Friday, September 01, 2006

Ewan & Gill

Pinnacles

After the previous posting, time for some celebratory news:

We have a new website!

Eagle-eyed viewers might notice that we've actually had it for a few days now, but the time seems right to give it a proper announcement.

The way it happened was this: Phil Brighton, of Pinnacle Web Design, saw our article in the York Press the other week, and spontaneously got in touch to offer to make us a website free of charge. Then, in the space of about 4 days, he had! So, we've now got a lovely new site (click on "Pinnacles" above) where people can find out what we're doing, enter our contest or send us a message. Because, let's be honest, anyone stumbling across this blog would be entitled to give a confused grunt and then wander straight back to MySpace.

So, yes, a brilliant job by Phil - our thanks to you, not only for the work but also for being so easygoing about our endless list of requirements and alterations. Cheers!

Ewan

First refusal

Sadly, I must now announce that the exciting looking envelope turned out to be our first ever written refusal:

Dear Mr and Mrs Main

SPONSORSHIP PROPOSAL

Thank you for your recent proposal to sponsor your walk from York to Edinburgh. We have considered your proposal carefully but unfortunately our sponsorship programme for this year has been decidde with budgets and resources already allocated.

I am sorry that we can't help you on this occasion. Can I wish you every success with your holiday.


Now, this raises two issues. Firstly, we didn't want them to sponsor us! We don't want anyone to! We hate people doing sponsored things as much as, if not more than, the next person! You see, sponsorship involves saying to all your friends and colleagues "We're going on holiday. Please therefore give us some money, a large proportion of which we will use to pay for our holiday." An entirely different proposition from "We're holding an enormous contest. Would you be interested in donating a prize and/or entering it?"

And the other issue: surely if the resources etc had already been allocated, there would have been no need to consider our proposal carefully? Ha - try and escape from that one!

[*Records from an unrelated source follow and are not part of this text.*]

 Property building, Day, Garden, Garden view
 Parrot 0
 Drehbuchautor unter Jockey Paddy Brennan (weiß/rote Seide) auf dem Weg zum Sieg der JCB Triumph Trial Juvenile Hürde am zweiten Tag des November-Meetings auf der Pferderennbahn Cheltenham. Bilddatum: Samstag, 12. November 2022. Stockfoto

But there's no need to go further with this churlishness. It was genuinely nice of them at least to take the trouble to write back.

Oh well.

Thursday, August 31, 2006

Gill

Sock idol

We have just received this mighty suggestion (for the M&S voucher, of course). Please keep them coming!

Gill / Ewan,


Sod the popcorn, there is now a half price sale on and you could get 10 pairs of scalloped heart socks!!
Or five pairs of Ruffle Trim socks...

http://www.marksandspencer.com/IWCatSectionView.process?IWAction=Load&Merchant_Id=1&Section_Id=10006&Page_Count=1&RestartFlow=t

(I am ignoring the half price Truly You Spot Mesh Garter on the same page).

I'm also waiting patiently at home for Ewan to return from a leaving do at work, so that we can open the rather exciting looking envelope that arrived this morning. I think we may have more prize news tomorrow....

Ewan & Gill

The M&S Factor - update

Well, we've had a few comments and can now confirm that the £10 Marks and Spencer voucher will be used to buy prizes, rather than just being added in its current paper state. So far, we've had agreement on one prize, which will be...

Chocolate popcorn.

But we reckon there'll certainly be some voucher left over after that, so we need more suggestions! This is a once-in-a-lifetime opportunity, open to all competition entrants: choose your prize!